Put another way, the aggregate of aggregates performed better than the sum of its parts.
This year’s Senate races provide us another opportunity to test our theory. Today, I gathered the Senate forecasts from several prognosticators and compared them to the most recent Election Day returns. As before, I also computed the RMSE (root mean squared error) to capture how accurate each forecaster was on average.
We must note one modest complication: not all forecasters posited a point-estimate for every Senate race. Nate Silver put forward a prediction for every race; but Sam Wang of Princeton University only released 10 predictions for competitive races.
We accordingly compute two different RMSEs. The first, RMSE-Tossups, only computes the RMSE for those races for which each forecaster put forward a prediction. (There are nine races that fall into this category: Arizona, Connecticut, Massachusetts, Missouri, Montana, Nevada, North Dakota, Virginia and Wisconsin.)
The other calculation, RMSE-Total, shows each forecaster’s RMSE over all predictions. Wang, for example, is evaluated by his accuracy on the ten predictions he made; while Silver is evaluated on all 33 races.
The numbers in the above table give us a sense of how accurate each forecast was. The bigger the number, the larger the error. So what can we learn?
Alas! The average performs admirably yet again. It’s not perfect, of course; for some races, there are precious few forecasts to average over: Delaware, for instance, has only the 538 prediction.
To begin accounting for this, we weight the RMSE by the share of forecasts used to compute the average. If we limit our evaluation of the average to only those races with three or more available forecasts, the RMSE drops to 4.8.
What else emerges from the table? For one, the poll-only forecasts — especially the Wang, RCP and Pollster forecasts — perform better than Nate’s mélange of state polls and economic fundamentals.
North Dakota, where Democrat Heidi Heitkamp bested Republican Rick Berg, provides a case in point. Pollster and RealClearPolitics both predicted a narrow win for Ms. Heitkamp. The 538 model considered the same polls upon which Pollster and RCP based their predictions; but the fundamentals in Mr. Silver’s model overwhelmed the polls. As a result, the 538 model predicted that Mr. Berg would win by more than five points. [See Footnote 1.]
In sum, however, all of the forecasts did reasonably well at calling the overall outcome. We can chalk this up to another victory for (most) pollsters and the quants who crunch the data.

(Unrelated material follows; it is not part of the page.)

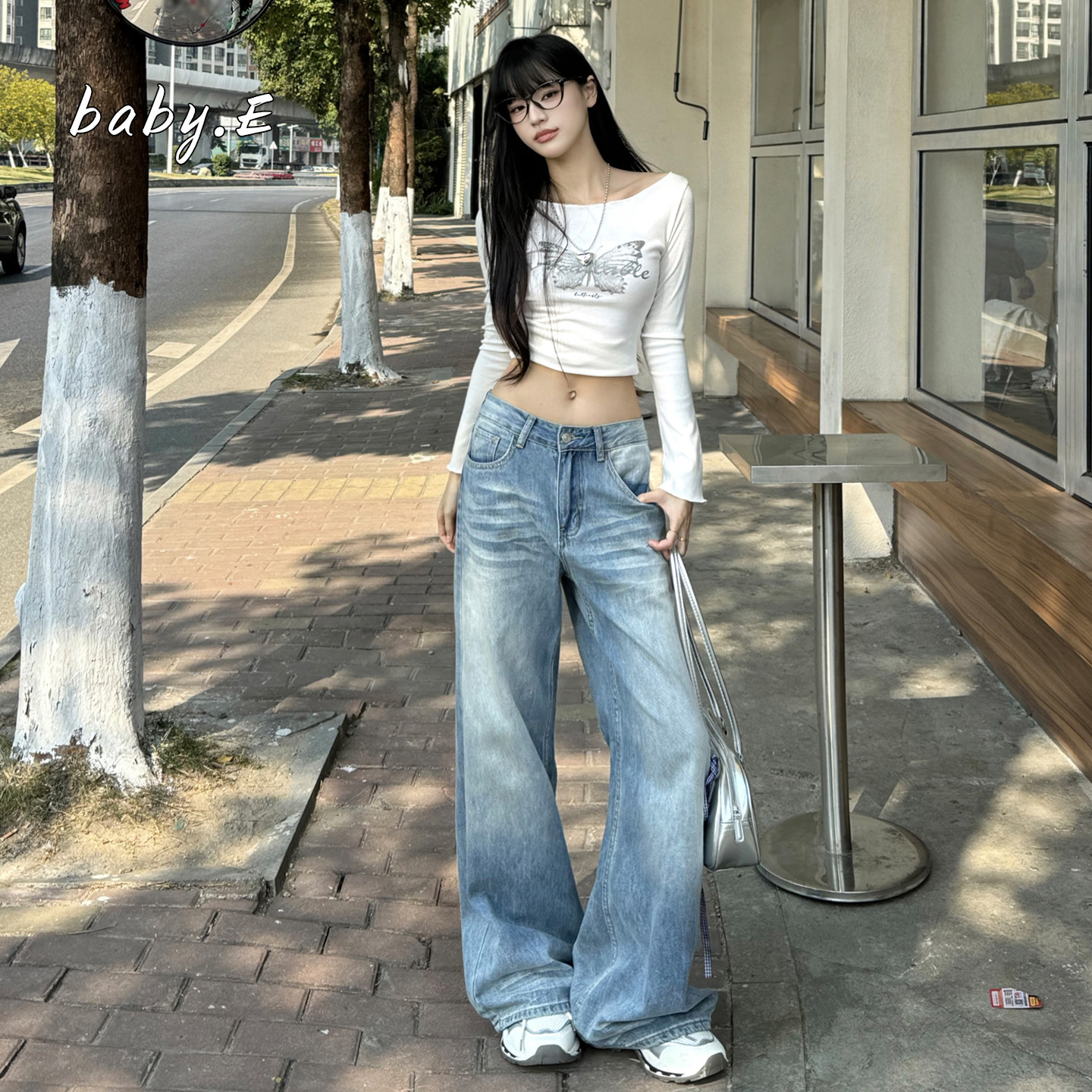 Baby.E水洗折痕阔腿牛仔裤女夏季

1. Addendum: In the original post (text above is unchanged), I argued that Mr. Silver’s economic fundamentals pushed his ND forecast in the wrong direction. This undoubtedly contributed to his inaccuracy in North Dakota, but it wasn’t the main factor. As commenters pointed out, Silver’s model was selective in the polls it used to predict the outcome. As of the last run of the model, Silver’s polling average lined up fairly well with RCP (Berg +5) but not with Pollster (Heitcamp +0.3). Mea Culpa.